Even the 80s couldn’t neon-tease her glamour. There is a timelessness, a cosmopolitanism to her elegance, her style, that was always going to outlast morphing trends.
Their music makes us believe that our loves, our ones that got away, even our crushes and impulses are every bit as important as everything that chiseled man contemplated in the back of a yellow cab hurtling through NYC in the middle of the night, everything an impossibly gorgeous woman sings about from our own smoky subconscious. We too are sexy, sophisticated, complex — impossibly gorgeous.
She is our id.
When we listen to her music we are no longer the clumsy awkwardness of our own self-destruction, our second-guessing insecurities. For an exquisite few moments or entire albums, we don’t have to be our own worst enemies. We too are flawless gossamer. We are beautiful. Our love is the sharp edge of a perfect blade. We are crashing waves and the slow sexy build of the inevitable.
Fiction is an irresistible aphrodisiac.
Sade is both muse and contralto genius. Her concerts require no backup dancers. No pyrotechnics. The universality of her appeal, her expressionless sophistication is timeless. It is elemental.
“I want to cook you a soup that warms your soul,” she laments in King of Sorrow. Though melancholic her music isn’t torturous. While it could calmly accompany you during depressive spells it is likely also the soundtrack for countless conceptions.
It is ageless in its appeal.
I was almost 19 when I spent the night with a man for the first time in my life. I guess you could call him a man. He was 18. We were both nervous virgins. I remember pictures of us at prom and it’s difficult for me to reconcile that that those gangly kids were technically adults.
My overplucked 90s eyebrows and I were housesitting for a friend of a friend. I was unsupervised for the first time in my young life. We could shoulder-tap, drink whatever we were lucky enough to get and spend the night together.

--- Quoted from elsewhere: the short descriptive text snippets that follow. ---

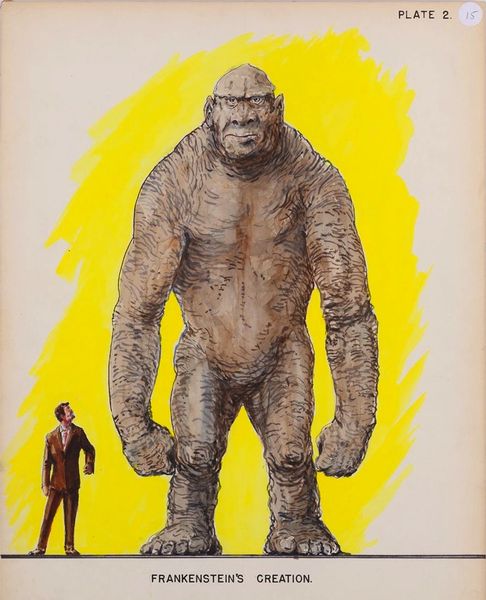 File:Willis-obrien-frankenstein-vs-king-kong1.jpg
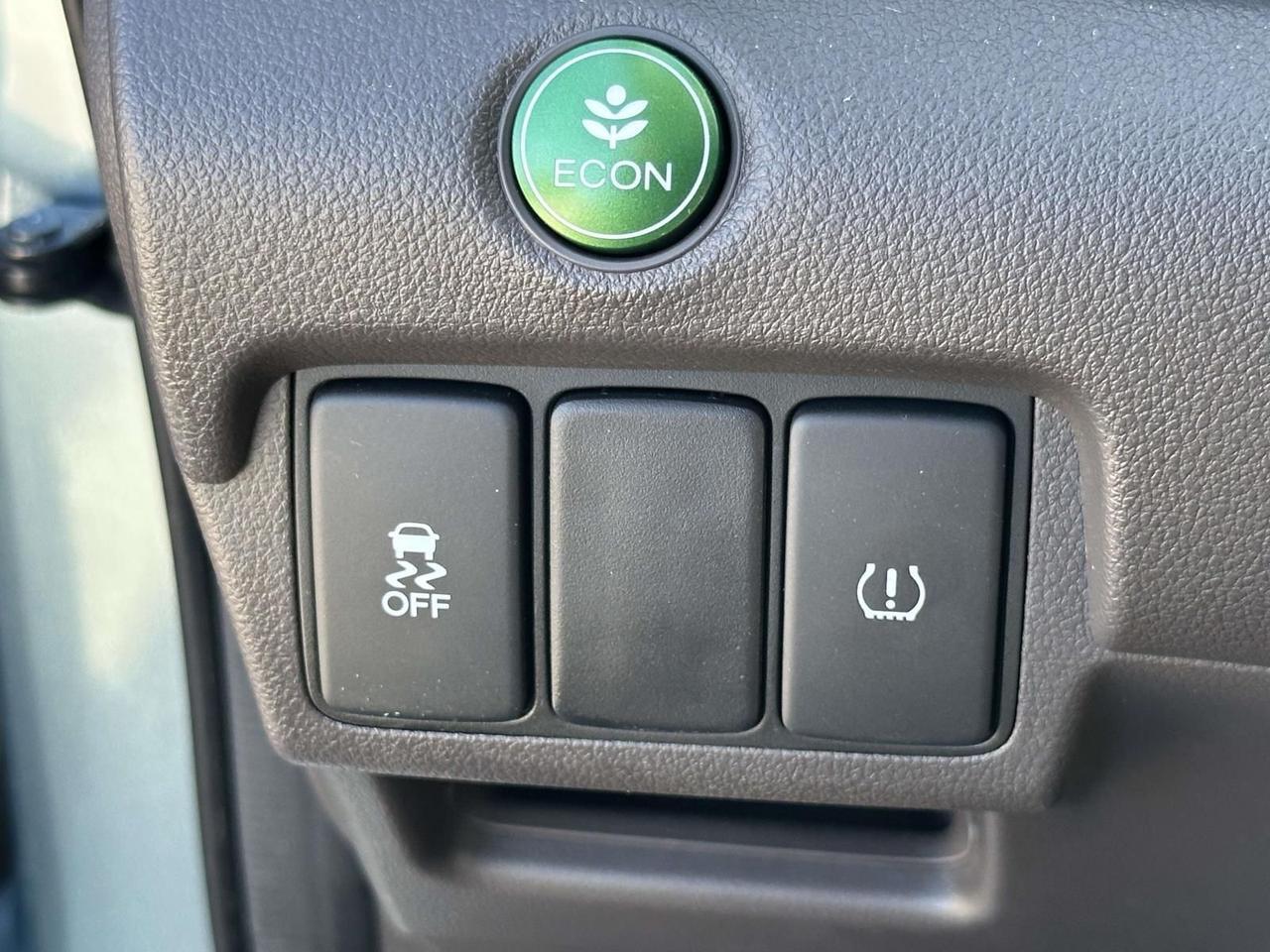 2014 Honda CR-V EX-L Alexandria VA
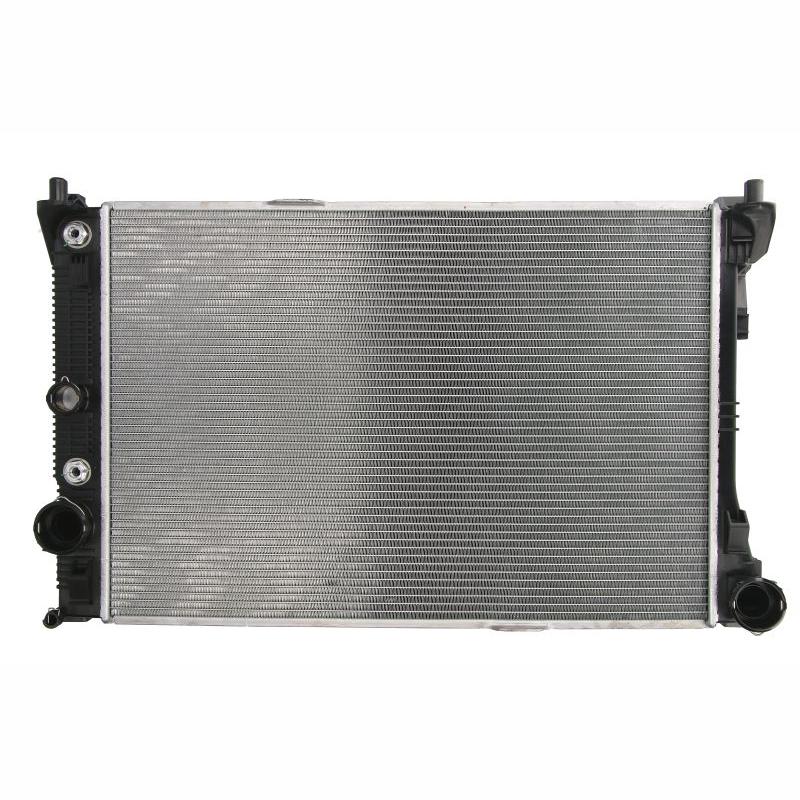 KOYORAD PL413006 Engine Radiator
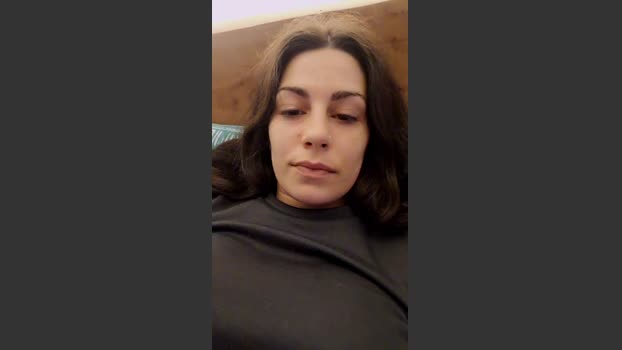 RiBelliPorcelli amateur Webcam SHOW @ Cam4 06-10-2025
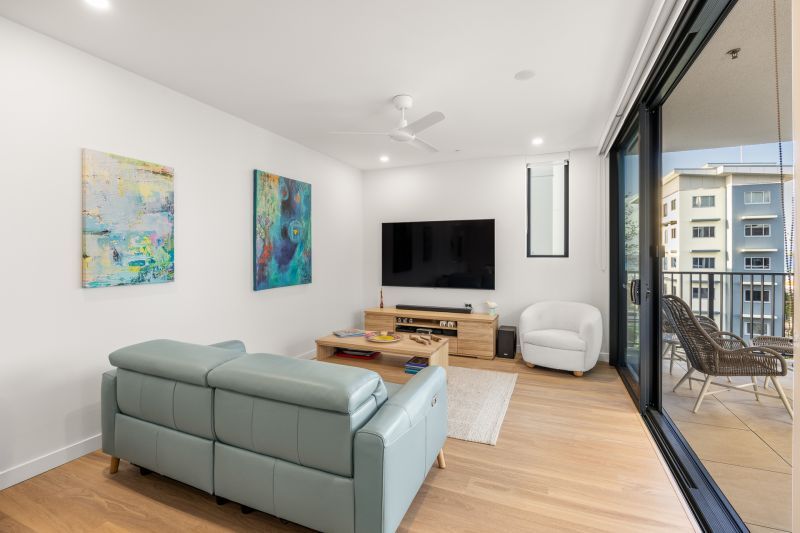 Beautifully presented in a prime location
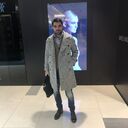 ���������� ������, ���� ������� �������, 40 ���, ������������ ��� ������, ����� � ���������, ���������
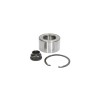 Set rulment roata TOYOTA AVENSIS combi T25 BTA H12049BTA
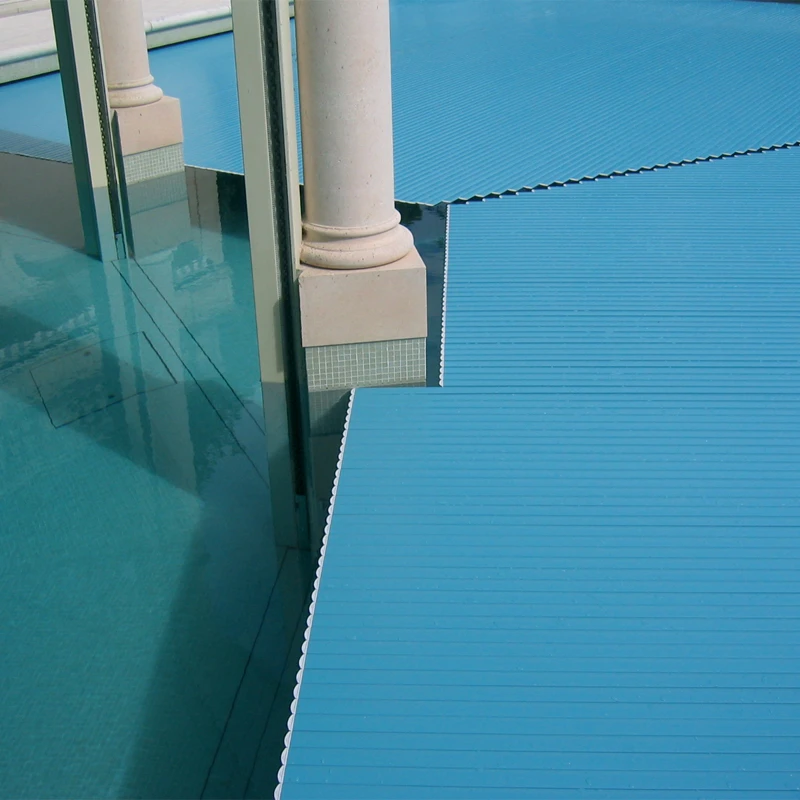 BAC Schrägschnitt Konfektionszuschlag 4 BAC Schrägschnitt Konfektionszuschlag – Bild 2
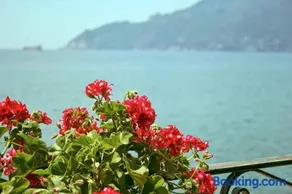 B&B Fronte Del Mare - Image 2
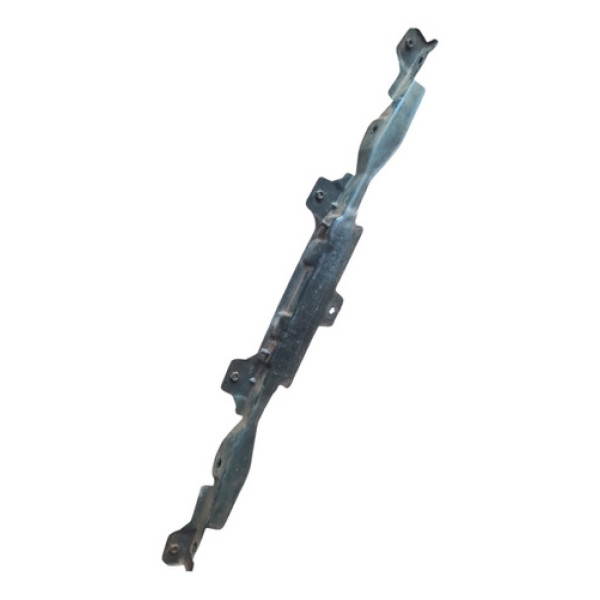 Suporte Para-choque Traseiro Fiat Palio Strada 2004 A 2015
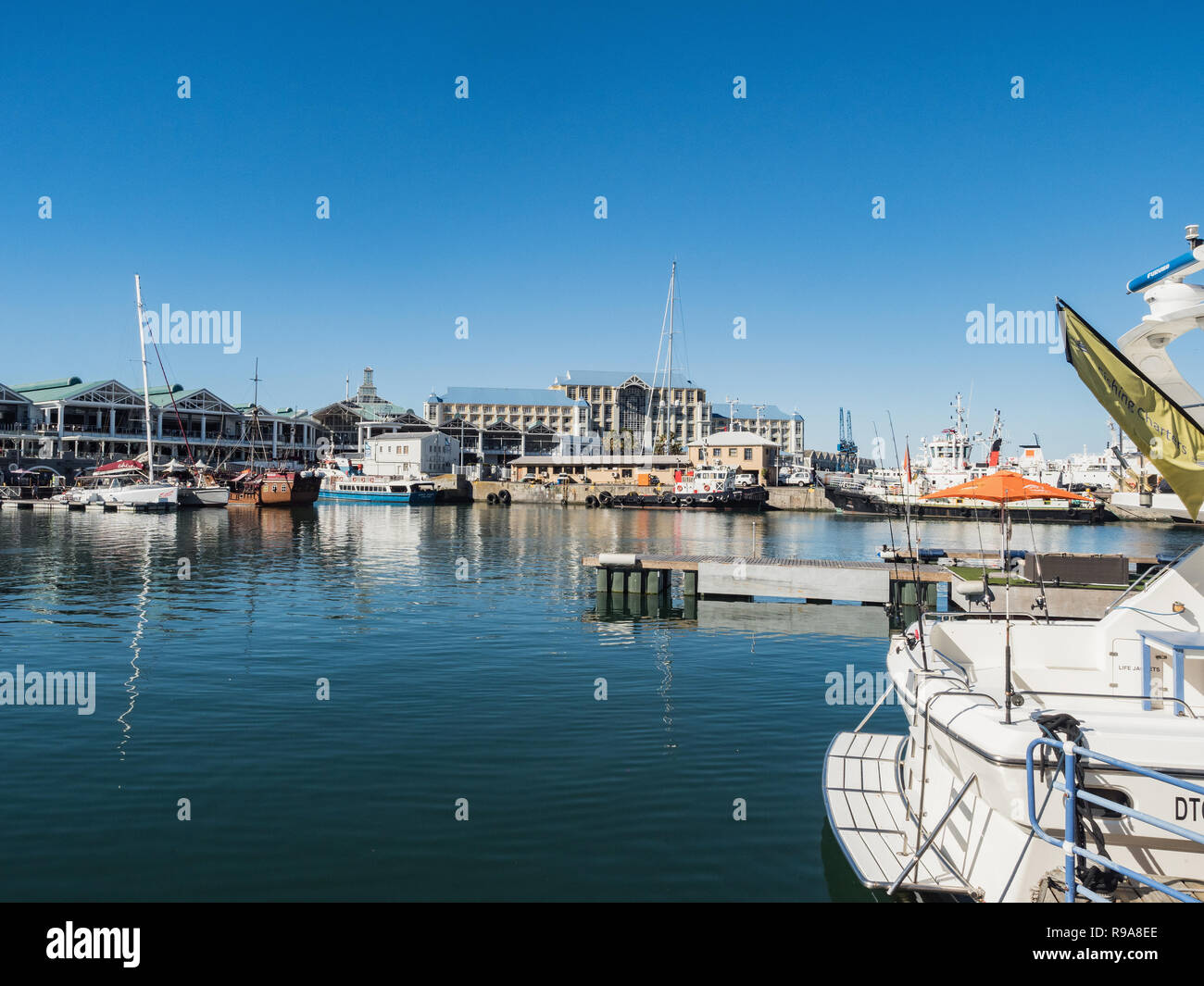 Water wheel africa hires stock photography and images Alamy
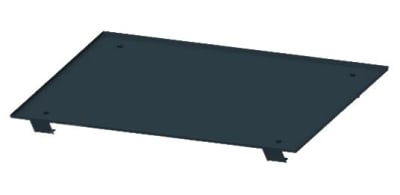SIEMENS 8PQ2308-6BA04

I definitely wasn’t ready for sex. I didn’t even know if I was ready for reading in bed together like my parents had my whole life. Matching nightstands and reading glasses seemed way too grown-up for a couple of drunk teenagers.
We were both book nerds. And I had Sade’s Greatest Hits. I was playing it on repeat that summer. The possibilities seemed exquisite and imminent.
He fell asleep sucking on my tits. I didn’t realize it at first, my eyes closed and my arms around him. His mouth kept moving while he slept but his rhythm jolted and slowed. When I realized he was asleep but that his body kept pulling from my body something deeply primitive stirred and imprinted in my young psyche. Every earthly thing felt subconsciously connected.
We broke up shortly after that but his instinct to keep connecting to my body was as intoxicating as the phosphors of Sade’s full-spectrum voice filling that small apartment in the dark.
Sade, seemingly effortlessly, embodies what we must consciously pursue, discover and cultivate in our own sexuality, our intimacy. It is the sex appeal we most subconsciously recognize in others. She is a conduit for us, back to our deeper truest selves.
What is autonomic for her requires focus, a concerted effort for us awkward mortals. But it’s worth it.